▶ **ACTIVITY**: Within the records that follow, restate exactly the lines from the line with "Detailed shot of" down to the line with "building construction Engineering", including both. Omit the pictures.

[Opening RECORDS SHOWN section]

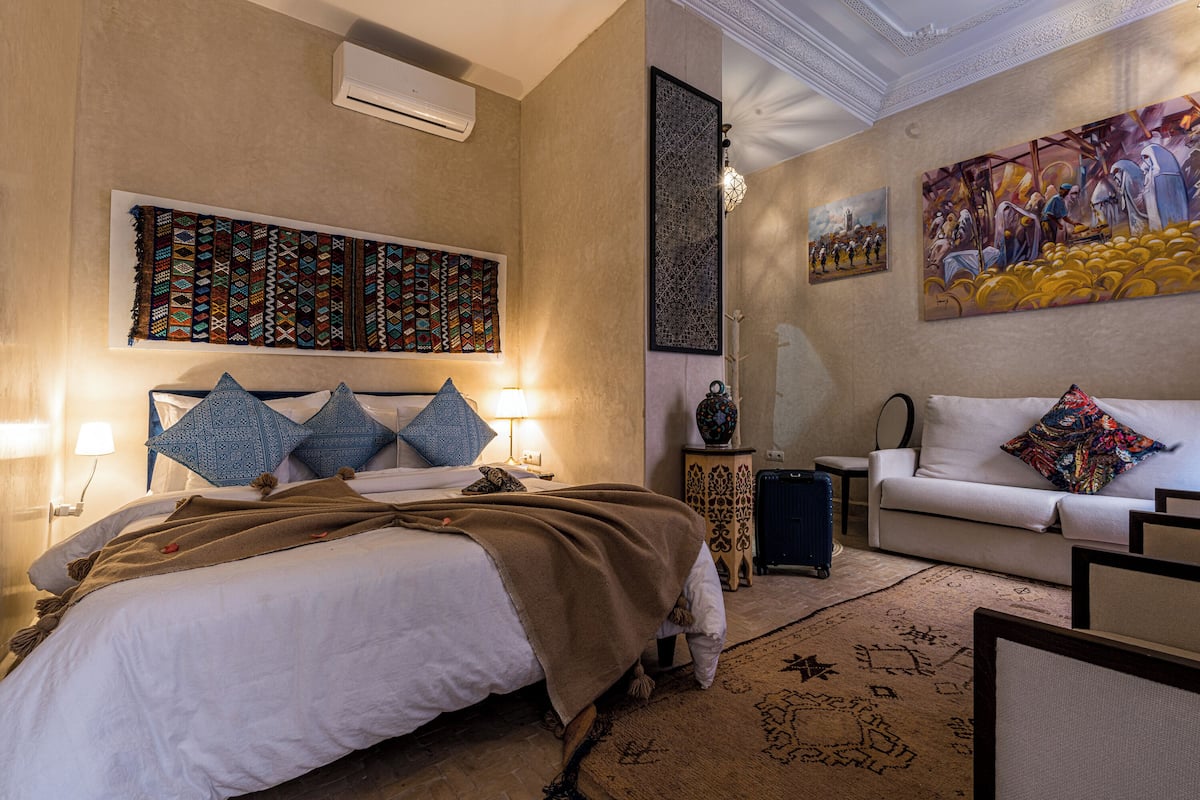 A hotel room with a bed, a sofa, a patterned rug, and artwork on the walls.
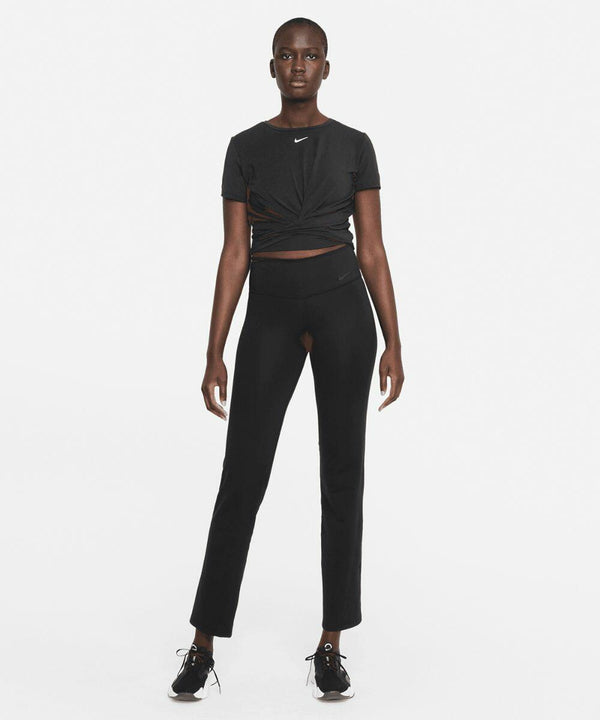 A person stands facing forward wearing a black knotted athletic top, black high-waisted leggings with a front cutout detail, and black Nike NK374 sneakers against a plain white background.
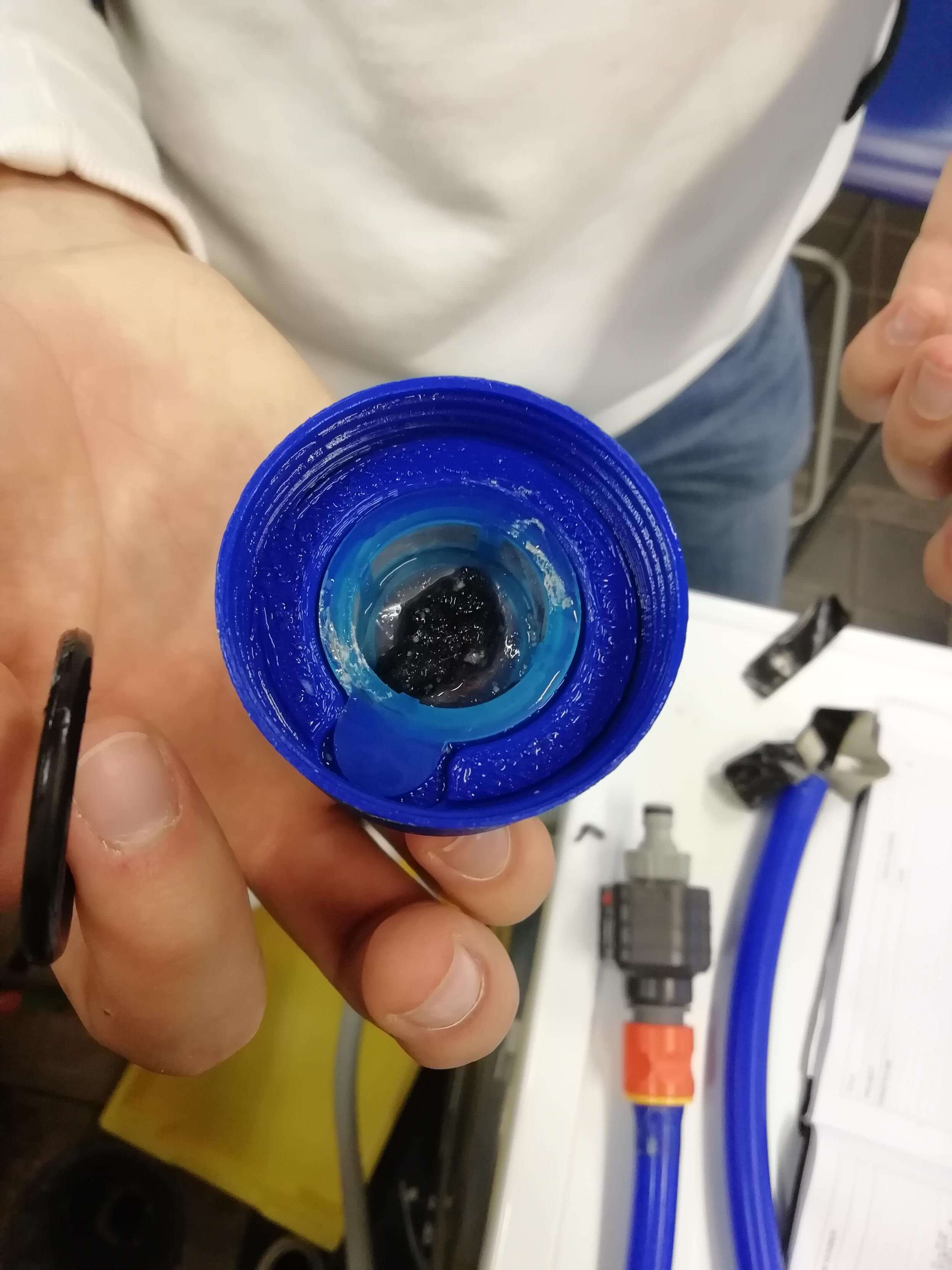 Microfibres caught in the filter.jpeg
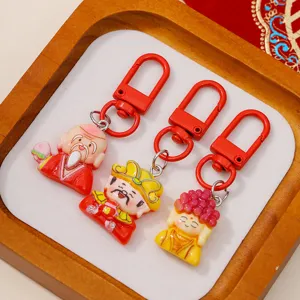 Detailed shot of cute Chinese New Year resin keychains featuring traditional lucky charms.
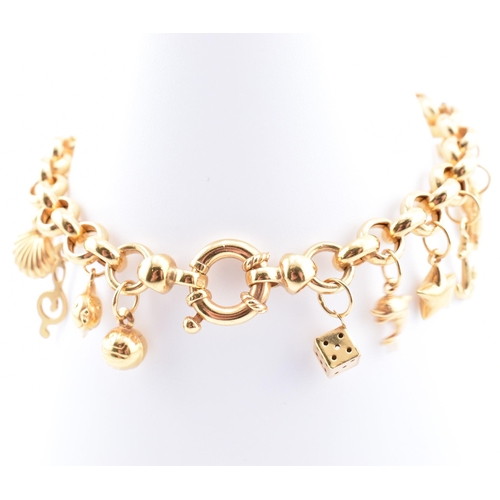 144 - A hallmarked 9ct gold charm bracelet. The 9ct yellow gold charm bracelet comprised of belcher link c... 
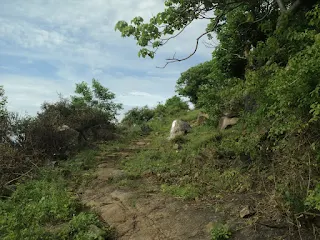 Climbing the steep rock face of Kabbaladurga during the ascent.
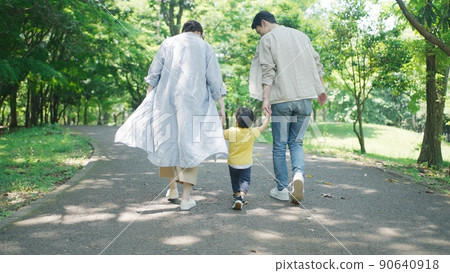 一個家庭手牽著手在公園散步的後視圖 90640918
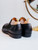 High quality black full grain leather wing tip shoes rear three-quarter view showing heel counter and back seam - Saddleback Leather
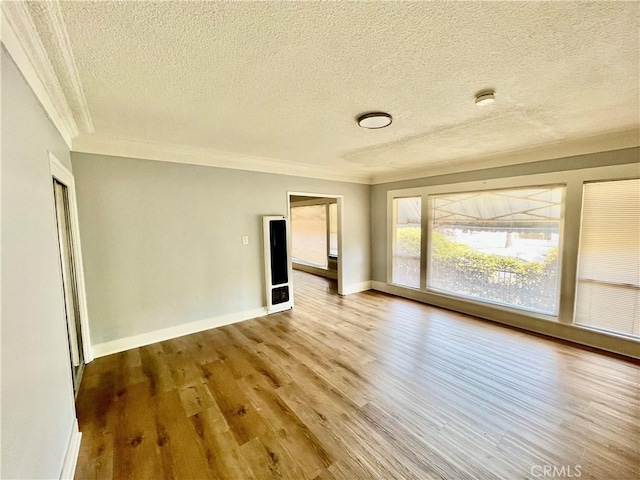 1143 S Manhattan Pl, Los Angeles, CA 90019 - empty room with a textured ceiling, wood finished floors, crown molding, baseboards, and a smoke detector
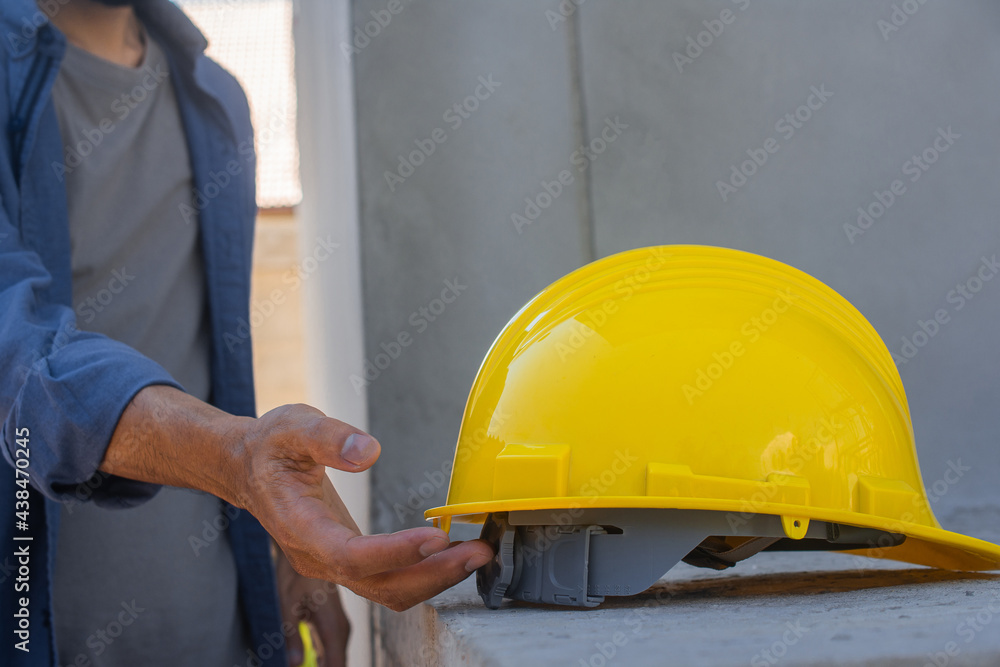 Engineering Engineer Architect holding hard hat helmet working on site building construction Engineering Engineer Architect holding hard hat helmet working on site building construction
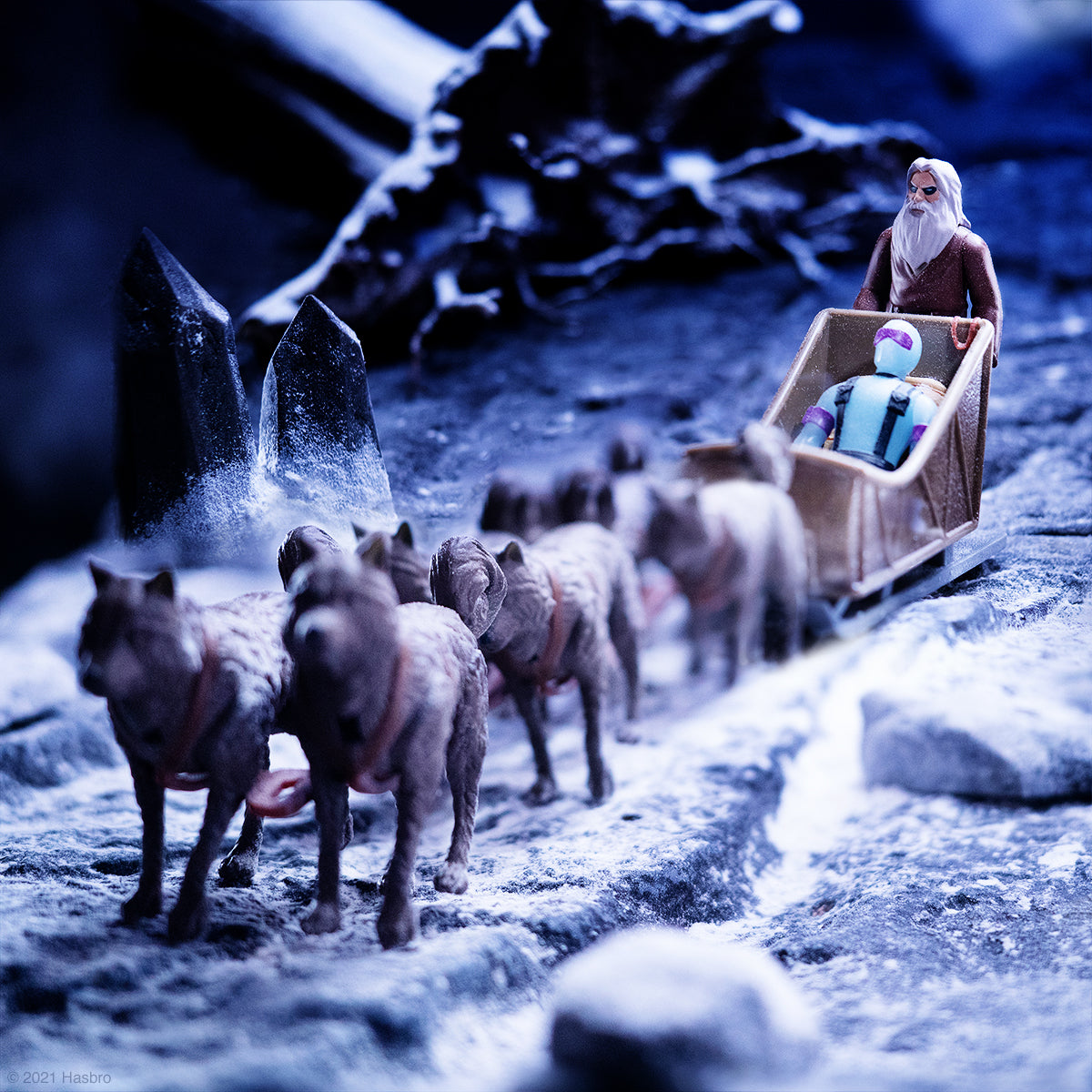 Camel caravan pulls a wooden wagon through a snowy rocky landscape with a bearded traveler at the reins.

[Closing RECORDS SHOWN section]

▶ **RESULT OF THIS EXERCISE**:
 Detailed shot of cute Chinese New Year resin keychains featuring traditional lucky charms.
 144 - A hallmarked 9ct gold charm bracelet. The 9ct yellow gold charm bracelet comprised of belcher link c... 
 Climbing the steep rock face of Kabbaladurga during the ascent.
 一個家庭手牽著手在公園散步的後視圖 90640918
 High quality black full grain leather wing tip shoes rear three-quarter view showing heel counter and back seam - Saddleback Leather
 1143 S Manhattan Pl, Los Angeles, CA 90019 - empty room with a textured ceiling, wood finished floors, crown molding, baseboards, and a smoke detector
 Engineering Engineer Architect holding hard hat helmet working on site building construction Engineering Engineer Architect holding hard hat helmet working on site building construction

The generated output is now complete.